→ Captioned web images
+ + +

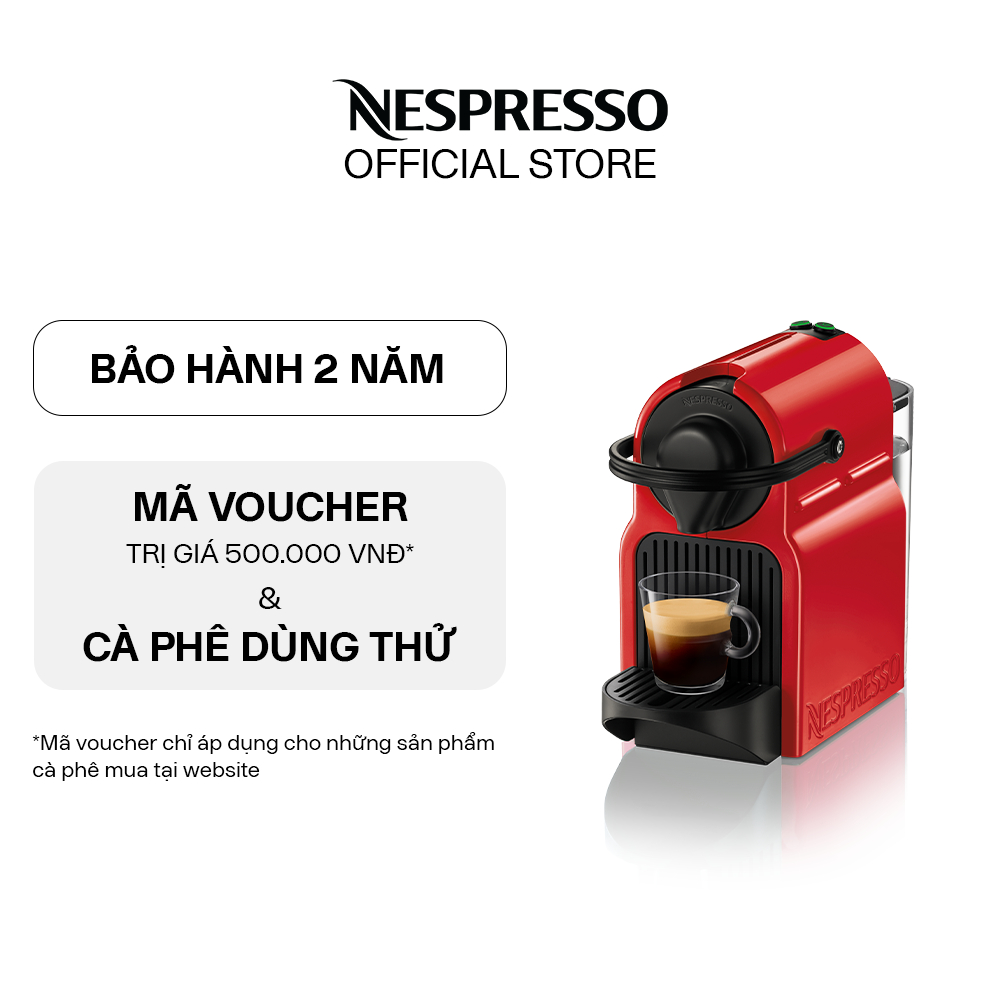 Máy pha cà phê viên nén Nespresso Inissia Đỏ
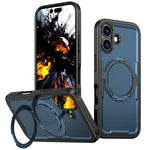 Custodia per telefono Kalebol in metallo con rotazione a 360 gradi e supporto MagSafe., For iPhone 17, For iPhone 17 Air, For iPhone 16 Pro Max, For iPhone 16 Pro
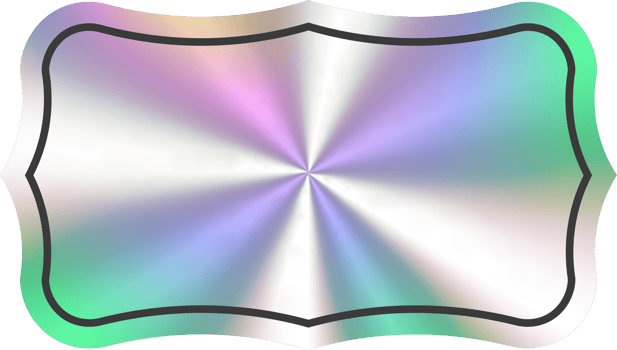 Holographic stickers retro shape. Hologram labels and badge empty. png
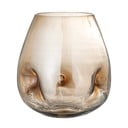 Vaza iz rjavega stekla Bloomingville Ifza, višina 20 cm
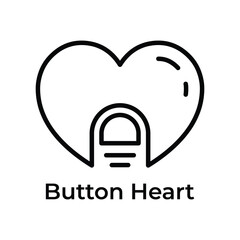 A thin line of a finger pressing the heart button. A simple message board concept.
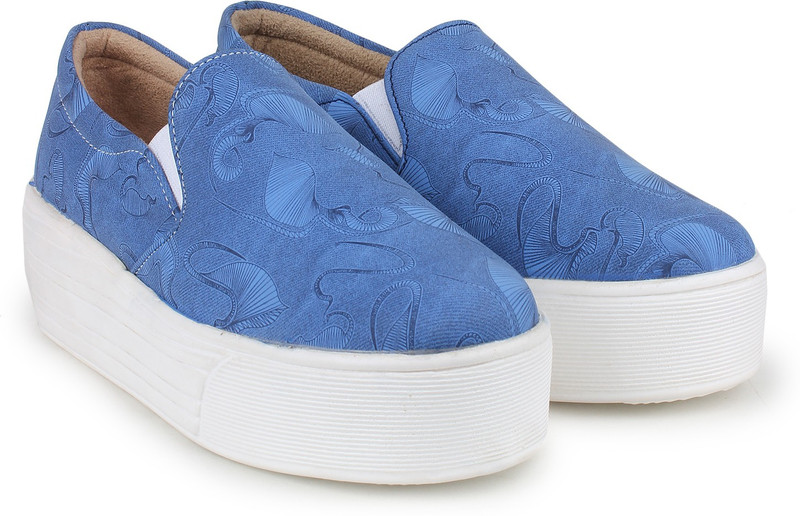 STEEMO Mocassin For Women(Blue)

+ + +

→ TASK INSTRUCTIONS
Before duplicating the entries above, strip out the pictures and keep the rest exact.

→ SOLUTION
 Máy pha cà phê viên nén Nespresso Inissia Đỏ
 Custodia per telefono Kalebol in metallo con rotazione a 360 gradi e supporto MagSafe., For iPhone 17, For iPhone 17 Air, For iPhone 16 Pro Max, For iPhone 16 Pro
 Holographic stickers retro shape. Hologram labels and badge empty. png
 Vaza iz rjavega stekla Bloomingville Ifza, višina 20 cm
 A thin line of a finger pressing the heart button. A simple message board concept.
 STEEMO Mocassin For Women(Blue)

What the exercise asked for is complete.